We take the example of density estimation, in this case, \(L(D_Z, h) = d_{TV} (D_z, h)\). Now, \(A_{Z,H}\) probably approximately correct learns \(H\) with \(m(\epsilon, \delta)\) samples if for all \(D_Z\) and for all \(\epsilon\) with a \(\delta \in ( 0,1 )\).

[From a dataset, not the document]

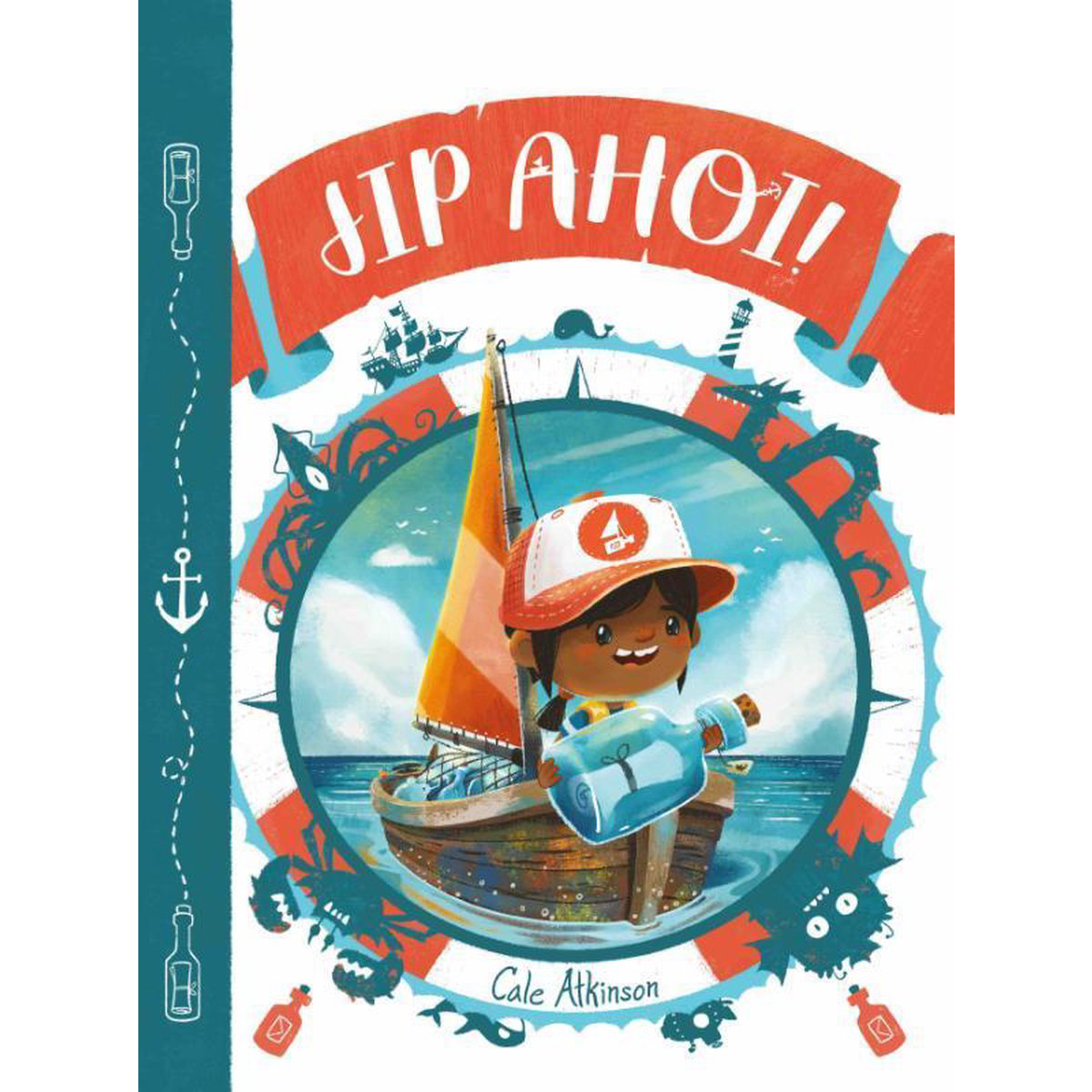 Voorleesboek 'Jip Ahoi!'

Now if \(S \sim D_Z^{m(\epsilon, \delta)}\) then:

\[\underset{S}{\mathrm{Pr}} [L(D_Z, A_{Z,H}(S)) > \epsilon + C \cdot OPT] < \delta\]

Now if we take the example of \(C=2\), let \(H\) be the set of all Gaussians in \(\mathbb{R}^d\) then:

\[m(\epsilon, \delta) = O \left( \frac{d^2 + \log 1/\delta}{\epsilon^2} \right)\]

We will now modify the above equation. Now, \(A_{Z,H}\) probably approximately correct learns \(H\) with \(m(\epsilon)\) samples if for all \(D_Z\) and for all \(\epsilon \in ( 0,1 )\). Now if \(S \sim D_Z^{m(\epsilon)}\) then:

\[\underset{S}{\mathrm{Pr}} [L(D_Z, A_{Z,H}(S)) > \epsilon + C \cdot OPT] < 0.01\]

For the example of \(C=2\), let \(H\) be the set of all Gaussians in \(\mathbb{R}^d\) then:

\[m(\epsilon, \delta) = O \left( \frac{d^2}{\epsilon^2} \right)\]

Binary Classification (with adv. perturbations)

For the example of binary classification, we have \(Z = X \times \{ 0, 1 \}\) and \(h\) is some model which maps from \(h: X \to \{ 0, 1 \}\).

We also have \(l(h,x,y) = 1 {h(x) \neq y}\) and then we will have the \(L\) be \(L(D_Z,h) = E_{(x,y) \sim D_Z} l(h,x,y)\).

Now, \(A_{Z,H}\) probably approximately correct learns \(H\) with \(m(\epsilon)\) samples if for all \(D_Z\) and for all \(\epsilon \in ( 0,1 )\). Now if \(S \sim D_Z^{m(\epsilon)}\) then:

\[\underset{S}{\mathrm{Pr}} [L(D_Z, A_{Z,H}(S)) > \epsilon + C \cdot OPT] < 0.01\]

Now \(H\) is the set of all half spaces in \(\mathbb{R}^d\) then:

\[m(\epsilon) = O \left( \frac{d}{\epsilon^2} \right)\]

For the example of binary classification, we have \(Z = X \times \{ 0, 1 \}\) and \(h\) is some model which maps from \(h: X \to \{ 0, 1 \}\).

We also have \(l^U(h,x,y) =\) adversarial perturbations and then we will have the \(L^U\) be \(L^U(D_Z,h) = E_{(x,y) \sim D_Z} l^U(h,x,y)\).

Now, \(A_{Z,H}\) probably approximately correct learns \(H\) with \(m(\epsilon)\) samples if for all \(D_Z\) and for all \(\epsilon \in ( 0,1 )\). Now if \(S \sim D_Z^{m(\epsilon)}\) then:

\[\underset{S}{\mathrm{Pr}} [L^U(D_Z, A_{Z,H}(S)) \epsilon + OPT] < 0.01\]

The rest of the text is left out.